What we really like about this tent is how easy it was to put up, and how well made it is. (The high-visibility guy ropes were also a bonus.) Space is a wonderful thing to have, especially on rainy days when you’re simply hanging out in the living area, but it comes at the cost of space in the car – and air tents are bulkier than pole tents because there is usually a pump included, plus the beams take up more room and are made of heavier fabric. Families with small cars who are serious about camping may want to consider a roof box to put all the sleeping bags and bulky but lightweight items in, freeing up space in the boot for a family tent.
Facts at a glance
- Sleeps: 6
- Type of tent: Tunnel pole tent
- Pack size: 73cm x 45cm x 45cm
- Weight: 23.85kg
- Poles: Airbeam
- Flysheet: Polyester (recycled)
- Taping: Taped
- Groundsheet: Sewn in
- Hydrostatic Head: 3000mm
- Standing room: 210cm
- Inner tent: Sentinel eco (recycled polyester)
- Floor Inner: Sentinel eco (recycled polyester)

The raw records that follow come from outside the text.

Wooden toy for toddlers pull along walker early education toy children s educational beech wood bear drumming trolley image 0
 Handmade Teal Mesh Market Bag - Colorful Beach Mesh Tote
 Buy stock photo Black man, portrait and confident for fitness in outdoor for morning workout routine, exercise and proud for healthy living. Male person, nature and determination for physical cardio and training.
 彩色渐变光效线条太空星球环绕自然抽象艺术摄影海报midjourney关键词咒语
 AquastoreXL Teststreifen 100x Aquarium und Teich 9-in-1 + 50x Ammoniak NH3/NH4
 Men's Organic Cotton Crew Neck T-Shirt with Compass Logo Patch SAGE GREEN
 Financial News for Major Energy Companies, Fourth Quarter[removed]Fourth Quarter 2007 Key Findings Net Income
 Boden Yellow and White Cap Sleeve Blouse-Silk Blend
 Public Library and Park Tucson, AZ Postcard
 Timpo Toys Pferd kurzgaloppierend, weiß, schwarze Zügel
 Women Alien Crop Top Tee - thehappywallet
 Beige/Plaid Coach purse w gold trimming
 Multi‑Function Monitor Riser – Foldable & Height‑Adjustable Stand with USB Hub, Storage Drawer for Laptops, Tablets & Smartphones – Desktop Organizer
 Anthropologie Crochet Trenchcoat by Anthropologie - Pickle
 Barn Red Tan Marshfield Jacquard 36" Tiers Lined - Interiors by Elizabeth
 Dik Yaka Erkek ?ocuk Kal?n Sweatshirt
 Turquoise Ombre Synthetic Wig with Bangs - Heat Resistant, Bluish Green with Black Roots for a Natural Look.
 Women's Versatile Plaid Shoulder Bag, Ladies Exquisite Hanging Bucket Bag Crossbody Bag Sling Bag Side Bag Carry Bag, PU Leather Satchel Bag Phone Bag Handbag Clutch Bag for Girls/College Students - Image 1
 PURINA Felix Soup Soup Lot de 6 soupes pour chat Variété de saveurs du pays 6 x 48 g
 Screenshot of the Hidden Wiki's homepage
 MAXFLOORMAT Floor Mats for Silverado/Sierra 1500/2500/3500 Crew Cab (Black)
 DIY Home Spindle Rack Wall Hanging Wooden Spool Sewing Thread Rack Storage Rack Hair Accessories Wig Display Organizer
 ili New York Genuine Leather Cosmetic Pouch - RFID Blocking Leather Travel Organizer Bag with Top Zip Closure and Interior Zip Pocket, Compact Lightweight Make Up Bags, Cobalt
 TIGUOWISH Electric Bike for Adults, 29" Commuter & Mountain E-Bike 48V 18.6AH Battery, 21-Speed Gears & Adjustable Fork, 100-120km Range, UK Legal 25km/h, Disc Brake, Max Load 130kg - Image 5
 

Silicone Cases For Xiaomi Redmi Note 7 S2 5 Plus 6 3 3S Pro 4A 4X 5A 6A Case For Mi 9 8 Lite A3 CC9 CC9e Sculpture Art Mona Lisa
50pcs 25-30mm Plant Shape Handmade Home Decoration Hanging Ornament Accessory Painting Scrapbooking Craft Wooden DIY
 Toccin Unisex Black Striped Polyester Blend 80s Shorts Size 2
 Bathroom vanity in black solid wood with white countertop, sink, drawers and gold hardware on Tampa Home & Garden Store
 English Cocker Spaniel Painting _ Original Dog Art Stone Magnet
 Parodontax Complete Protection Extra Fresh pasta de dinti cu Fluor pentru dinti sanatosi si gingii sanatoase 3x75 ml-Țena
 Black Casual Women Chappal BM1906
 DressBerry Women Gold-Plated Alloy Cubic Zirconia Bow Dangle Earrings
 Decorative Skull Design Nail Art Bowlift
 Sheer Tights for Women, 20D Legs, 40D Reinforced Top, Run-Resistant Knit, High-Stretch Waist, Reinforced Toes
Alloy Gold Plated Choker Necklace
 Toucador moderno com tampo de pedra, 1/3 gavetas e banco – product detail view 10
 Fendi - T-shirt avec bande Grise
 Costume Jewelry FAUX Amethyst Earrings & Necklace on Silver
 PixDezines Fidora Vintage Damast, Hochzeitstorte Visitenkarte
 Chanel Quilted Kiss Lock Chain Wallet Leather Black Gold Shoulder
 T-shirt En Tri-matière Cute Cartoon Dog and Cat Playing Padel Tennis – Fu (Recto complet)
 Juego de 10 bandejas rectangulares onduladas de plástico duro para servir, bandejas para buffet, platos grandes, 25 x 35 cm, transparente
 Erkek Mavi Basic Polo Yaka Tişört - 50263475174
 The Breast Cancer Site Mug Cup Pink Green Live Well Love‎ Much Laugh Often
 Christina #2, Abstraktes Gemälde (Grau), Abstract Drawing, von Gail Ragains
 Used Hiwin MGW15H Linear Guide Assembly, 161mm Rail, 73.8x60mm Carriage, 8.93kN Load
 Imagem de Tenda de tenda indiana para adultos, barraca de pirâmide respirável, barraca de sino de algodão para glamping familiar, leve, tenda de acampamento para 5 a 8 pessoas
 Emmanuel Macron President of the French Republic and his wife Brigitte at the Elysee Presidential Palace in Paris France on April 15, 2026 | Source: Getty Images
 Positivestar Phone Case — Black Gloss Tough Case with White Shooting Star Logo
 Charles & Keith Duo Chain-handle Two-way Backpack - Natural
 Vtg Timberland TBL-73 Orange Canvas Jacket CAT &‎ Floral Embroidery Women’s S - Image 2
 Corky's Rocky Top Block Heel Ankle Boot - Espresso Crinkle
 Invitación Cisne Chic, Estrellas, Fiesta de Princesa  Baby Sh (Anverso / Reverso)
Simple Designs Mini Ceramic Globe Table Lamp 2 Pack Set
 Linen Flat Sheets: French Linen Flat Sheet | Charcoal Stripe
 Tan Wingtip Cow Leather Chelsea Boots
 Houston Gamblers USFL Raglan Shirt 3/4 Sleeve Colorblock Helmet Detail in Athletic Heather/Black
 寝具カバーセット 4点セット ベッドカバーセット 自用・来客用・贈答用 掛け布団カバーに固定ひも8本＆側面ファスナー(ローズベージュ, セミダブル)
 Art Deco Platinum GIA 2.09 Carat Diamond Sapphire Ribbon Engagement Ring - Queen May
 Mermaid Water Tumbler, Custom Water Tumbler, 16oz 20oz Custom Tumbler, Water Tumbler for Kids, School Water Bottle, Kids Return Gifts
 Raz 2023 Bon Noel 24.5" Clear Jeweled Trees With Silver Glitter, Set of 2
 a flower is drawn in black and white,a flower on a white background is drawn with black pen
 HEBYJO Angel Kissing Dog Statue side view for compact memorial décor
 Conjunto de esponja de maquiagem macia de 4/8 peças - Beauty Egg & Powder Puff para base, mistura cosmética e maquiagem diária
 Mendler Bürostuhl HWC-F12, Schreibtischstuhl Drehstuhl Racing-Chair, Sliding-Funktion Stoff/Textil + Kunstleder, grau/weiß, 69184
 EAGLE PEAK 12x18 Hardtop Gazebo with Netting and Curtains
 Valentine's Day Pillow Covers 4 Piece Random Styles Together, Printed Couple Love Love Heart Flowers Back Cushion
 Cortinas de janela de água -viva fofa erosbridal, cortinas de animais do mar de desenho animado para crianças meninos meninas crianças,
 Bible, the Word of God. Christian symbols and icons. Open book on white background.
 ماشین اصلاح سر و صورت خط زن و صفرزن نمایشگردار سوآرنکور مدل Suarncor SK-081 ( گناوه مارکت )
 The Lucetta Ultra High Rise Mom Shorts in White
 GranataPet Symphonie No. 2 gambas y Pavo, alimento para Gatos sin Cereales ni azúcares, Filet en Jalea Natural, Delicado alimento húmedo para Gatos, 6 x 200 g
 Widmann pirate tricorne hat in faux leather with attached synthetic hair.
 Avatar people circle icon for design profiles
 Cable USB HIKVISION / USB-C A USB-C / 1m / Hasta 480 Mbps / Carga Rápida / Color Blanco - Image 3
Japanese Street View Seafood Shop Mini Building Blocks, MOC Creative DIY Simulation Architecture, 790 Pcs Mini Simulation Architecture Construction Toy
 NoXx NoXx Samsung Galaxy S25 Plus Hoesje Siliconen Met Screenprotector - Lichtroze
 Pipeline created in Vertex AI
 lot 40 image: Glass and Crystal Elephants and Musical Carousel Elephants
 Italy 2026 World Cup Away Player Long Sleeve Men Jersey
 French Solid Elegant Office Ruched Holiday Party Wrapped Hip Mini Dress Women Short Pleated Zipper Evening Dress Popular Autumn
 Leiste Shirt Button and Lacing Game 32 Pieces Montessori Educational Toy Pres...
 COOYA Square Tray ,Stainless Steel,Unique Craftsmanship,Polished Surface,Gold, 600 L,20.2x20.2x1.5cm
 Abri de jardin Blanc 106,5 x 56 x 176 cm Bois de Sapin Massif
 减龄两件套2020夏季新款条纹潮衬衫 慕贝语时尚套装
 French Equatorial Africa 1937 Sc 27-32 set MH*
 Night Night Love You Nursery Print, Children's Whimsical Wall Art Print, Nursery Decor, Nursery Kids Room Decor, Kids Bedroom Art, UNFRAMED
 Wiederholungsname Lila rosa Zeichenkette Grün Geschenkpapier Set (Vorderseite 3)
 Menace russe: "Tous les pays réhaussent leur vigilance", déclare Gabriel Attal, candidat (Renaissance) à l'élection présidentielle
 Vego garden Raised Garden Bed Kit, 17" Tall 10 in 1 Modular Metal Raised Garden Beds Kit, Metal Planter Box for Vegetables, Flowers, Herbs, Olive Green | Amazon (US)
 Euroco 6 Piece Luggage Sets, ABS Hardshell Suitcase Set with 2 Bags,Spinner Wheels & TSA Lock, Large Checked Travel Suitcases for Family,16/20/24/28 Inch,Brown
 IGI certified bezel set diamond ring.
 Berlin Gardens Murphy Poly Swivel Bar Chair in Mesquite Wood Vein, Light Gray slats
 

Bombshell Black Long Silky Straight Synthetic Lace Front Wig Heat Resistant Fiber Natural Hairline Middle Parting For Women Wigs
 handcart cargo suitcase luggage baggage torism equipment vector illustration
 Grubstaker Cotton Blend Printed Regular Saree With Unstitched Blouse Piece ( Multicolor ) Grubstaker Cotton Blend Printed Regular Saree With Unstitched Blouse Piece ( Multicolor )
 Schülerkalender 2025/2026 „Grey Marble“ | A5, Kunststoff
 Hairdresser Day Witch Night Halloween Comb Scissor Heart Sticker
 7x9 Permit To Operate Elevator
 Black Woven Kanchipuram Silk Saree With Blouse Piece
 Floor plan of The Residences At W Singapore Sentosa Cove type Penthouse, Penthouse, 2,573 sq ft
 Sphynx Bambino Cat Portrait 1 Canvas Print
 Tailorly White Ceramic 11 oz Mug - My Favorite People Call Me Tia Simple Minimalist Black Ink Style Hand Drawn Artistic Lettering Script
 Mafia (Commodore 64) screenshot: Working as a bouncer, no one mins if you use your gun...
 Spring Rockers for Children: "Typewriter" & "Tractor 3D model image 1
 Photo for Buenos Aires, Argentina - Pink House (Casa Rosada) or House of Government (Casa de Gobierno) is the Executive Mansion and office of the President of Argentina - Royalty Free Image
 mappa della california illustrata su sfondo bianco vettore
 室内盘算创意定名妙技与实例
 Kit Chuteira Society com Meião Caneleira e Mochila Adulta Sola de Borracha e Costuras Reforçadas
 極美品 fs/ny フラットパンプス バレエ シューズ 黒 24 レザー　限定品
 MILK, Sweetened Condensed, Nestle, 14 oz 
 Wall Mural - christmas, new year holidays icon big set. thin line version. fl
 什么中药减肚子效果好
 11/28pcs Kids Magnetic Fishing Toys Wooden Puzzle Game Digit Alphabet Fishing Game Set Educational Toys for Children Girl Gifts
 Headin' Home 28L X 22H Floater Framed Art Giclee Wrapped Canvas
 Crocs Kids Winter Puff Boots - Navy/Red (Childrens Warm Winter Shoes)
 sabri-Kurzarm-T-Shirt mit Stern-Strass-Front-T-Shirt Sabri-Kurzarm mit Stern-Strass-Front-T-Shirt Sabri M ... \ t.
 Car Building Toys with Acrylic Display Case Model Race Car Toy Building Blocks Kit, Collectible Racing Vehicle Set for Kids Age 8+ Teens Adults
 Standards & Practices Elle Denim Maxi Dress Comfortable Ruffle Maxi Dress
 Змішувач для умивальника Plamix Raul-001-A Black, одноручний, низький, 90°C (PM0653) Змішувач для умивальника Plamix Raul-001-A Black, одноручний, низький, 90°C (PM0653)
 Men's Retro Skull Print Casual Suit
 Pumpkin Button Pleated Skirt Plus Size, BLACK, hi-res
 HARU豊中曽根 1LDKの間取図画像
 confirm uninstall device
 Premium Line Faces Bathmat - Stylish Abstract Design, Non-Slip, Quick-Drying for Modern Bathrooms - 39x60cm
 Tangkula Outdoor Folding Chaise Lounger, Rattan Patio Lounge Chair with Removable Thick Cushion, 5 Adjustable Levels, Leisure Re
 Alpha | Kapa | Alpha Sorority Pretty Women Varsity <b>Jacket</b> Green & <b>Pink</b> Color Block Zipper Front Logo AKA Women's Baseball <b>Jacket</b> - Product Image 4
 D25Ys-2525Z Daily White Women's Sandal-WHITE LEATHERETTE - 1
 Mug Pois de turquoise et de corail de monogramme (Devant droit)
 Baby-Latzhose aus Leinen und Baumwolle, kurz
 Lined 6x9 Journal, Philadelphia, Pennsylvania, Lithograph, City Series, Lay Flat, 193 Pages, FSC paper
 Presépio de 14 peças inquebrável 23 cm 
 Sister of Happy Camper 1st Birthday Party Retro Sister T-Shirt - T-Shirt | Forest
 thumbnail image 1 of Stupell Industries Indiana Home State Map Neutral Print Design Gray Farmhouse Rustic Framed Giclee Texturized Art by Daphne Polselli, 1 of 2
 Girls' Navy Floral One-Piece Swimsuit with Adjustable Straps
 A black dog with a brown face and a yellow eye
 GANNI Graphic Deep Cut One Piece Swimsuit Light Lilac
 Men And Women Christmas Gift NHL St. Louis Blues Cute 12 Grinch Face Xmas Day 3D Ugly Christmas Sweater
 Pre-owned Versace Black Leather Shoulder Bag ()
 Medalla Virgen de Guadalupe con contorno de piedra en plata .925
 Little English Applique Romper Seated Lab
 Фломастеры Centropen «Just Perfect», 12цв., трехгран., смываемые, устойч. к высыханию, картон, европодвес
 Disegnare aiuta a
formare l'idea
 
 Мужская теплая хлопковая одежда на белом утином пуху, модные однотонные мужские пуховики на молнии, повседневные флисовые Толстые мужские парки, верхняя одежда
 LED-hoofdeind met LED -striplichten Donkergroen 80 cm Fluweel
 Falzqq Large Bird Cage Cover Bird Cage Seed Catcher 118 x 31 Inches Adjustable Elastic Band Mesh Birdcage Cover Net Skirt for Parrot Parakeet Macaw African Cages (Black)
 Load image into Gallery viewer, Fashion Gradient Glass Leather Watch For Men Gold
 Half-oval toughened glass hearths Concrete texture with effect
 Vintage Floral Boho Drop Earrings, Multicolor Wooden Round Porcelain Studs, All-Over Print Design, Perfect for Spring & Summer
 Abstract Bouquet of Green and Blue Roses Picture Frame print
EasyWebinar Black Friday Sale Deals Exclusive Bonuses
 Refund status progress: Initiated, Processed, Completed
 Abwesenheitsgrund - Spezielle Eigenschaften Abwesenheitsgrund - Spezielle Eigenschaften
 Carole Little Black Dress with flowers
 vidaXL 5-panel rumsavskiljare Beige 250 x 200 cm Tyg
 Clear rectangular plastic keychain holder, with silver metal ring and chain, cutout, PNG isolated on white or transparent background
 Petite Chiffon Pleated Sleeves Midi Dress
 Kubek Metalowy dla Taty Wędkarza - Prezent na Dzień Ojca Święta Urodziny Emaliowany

- Groundsheet: Sentinel eco (recycled polyester)
- Colours: Blue, grey
Easy Camp Palmdale 600 Lux tent
If you’re not sure you’re going to get on with camping, consider Easy Camp’s Palmdale 600 Lux tunnel tent. It houses six people and uses fibreglass poles, which keeps the cost and the boot space down. With a similar amount of living space and dark inner tent, it’s perfect for families to test-run the experience, or those looking to keep costs down. It also has plenty of pockets in the inner tent, which is a very handy feature when you just need to keep some things off the floor.